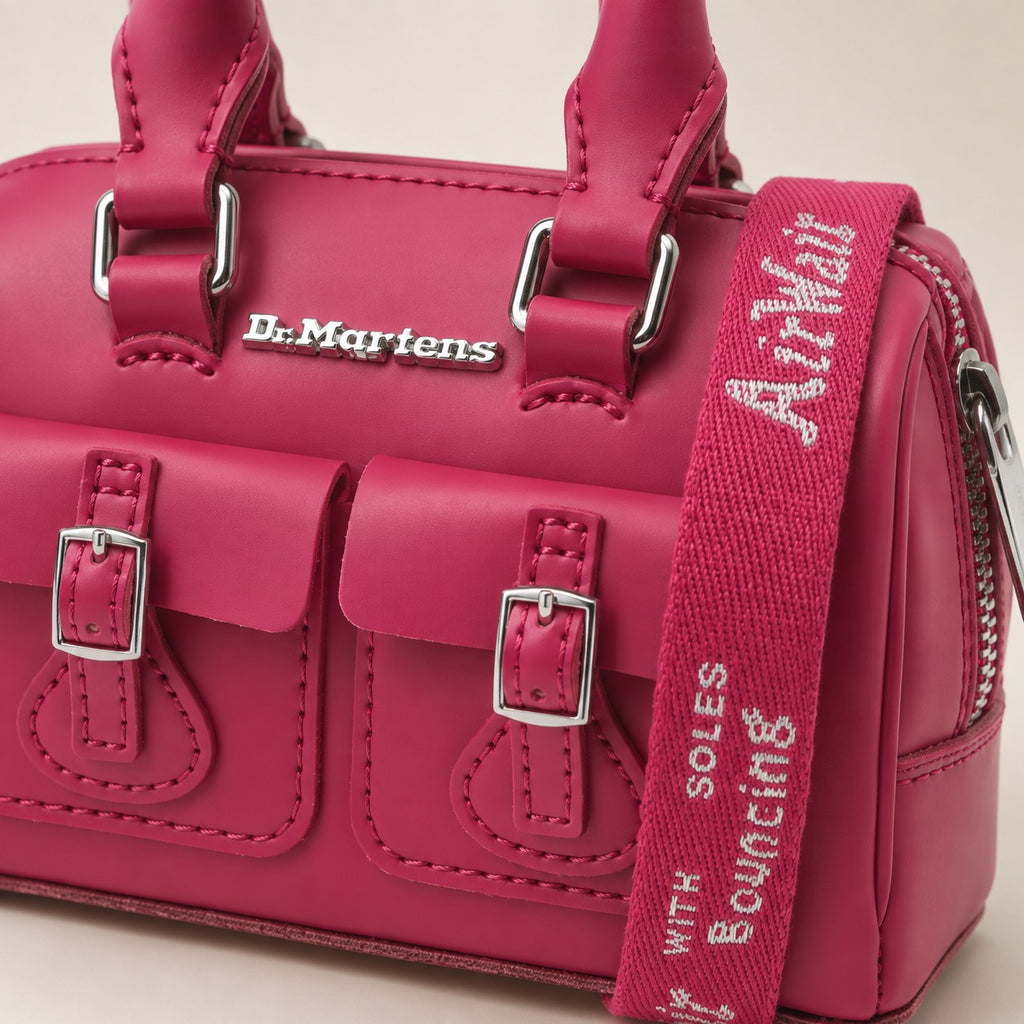 Dr Martens Fuchsia Pink Mini Cross Body Bag, Top Handle Satchel, Cute Purse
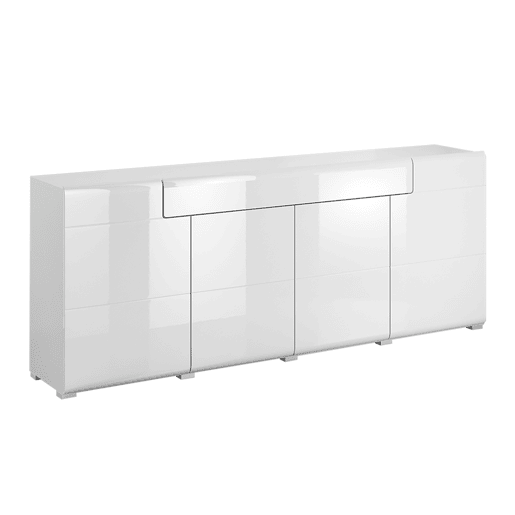 Aparador de 4 portas e 1 gaveta Jules White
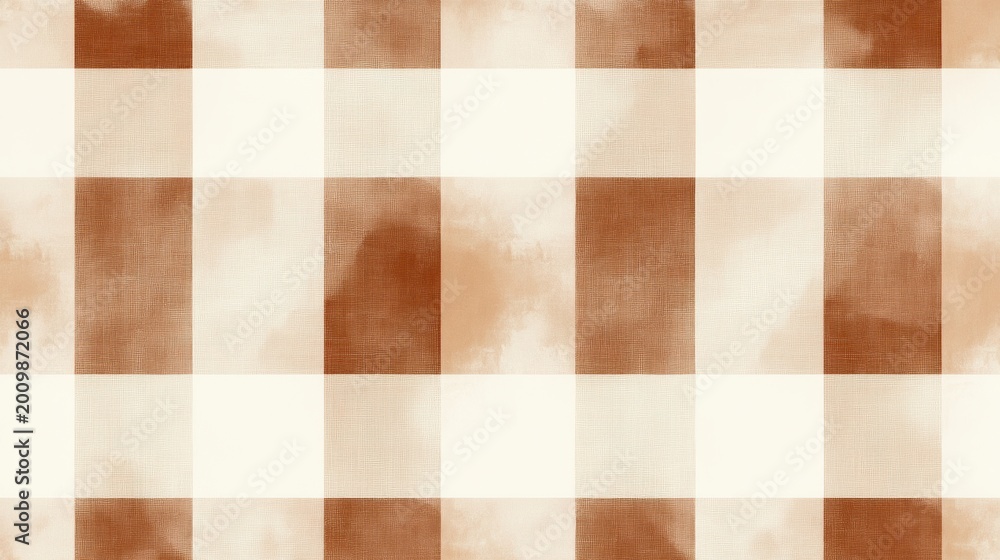 Fototapeta premium Pastel Check background,Tartan plaid seamless pattern on paper texture, paint brush style illustration,Plaid shirt textile,gingham fabric,for banner and background.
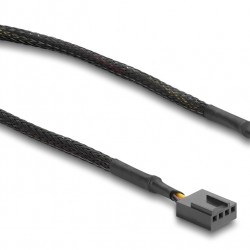 DELOCK καλώδιο προέκτασης 4pin PWM 91360 για ανεμιστήρες, 30cm, μαύρο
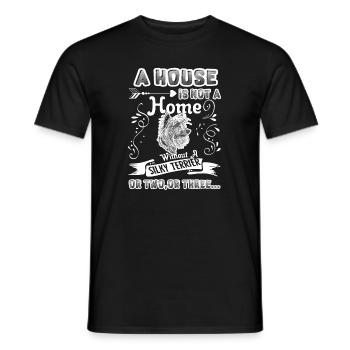 Silky Terrier Home Without Silky Terrier - Men's T-Shirt - black - Front - AI Model Male 178 light (178cm)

------------------------------------

WHAT YOU SHOULD DO: Restate every record above word for word, without images.

EXERCISE SOLUTION:
 Dr Martens Fuchsia Pink Mini Cross Body Bag, Top Handle Satchel, Cute Purse
 Aparador de 4 portas e 1 gaveta Jules White
 Fototapeta premium Pastel Check background,Tartan plaid seamless pattern on paper texture, paint brush style illustration,Plaid shirt textile,gingham fabric,for banner and background.
 DELOCK καλώδιο προέκτασης 4pin PWM 91360 για ανεμιστήρες, 30cm, μαύρο
 Silky Terrier Home Without Silky Terrier - Men's T-Shirt - black - Front - AI Model Male 178 light (178cm)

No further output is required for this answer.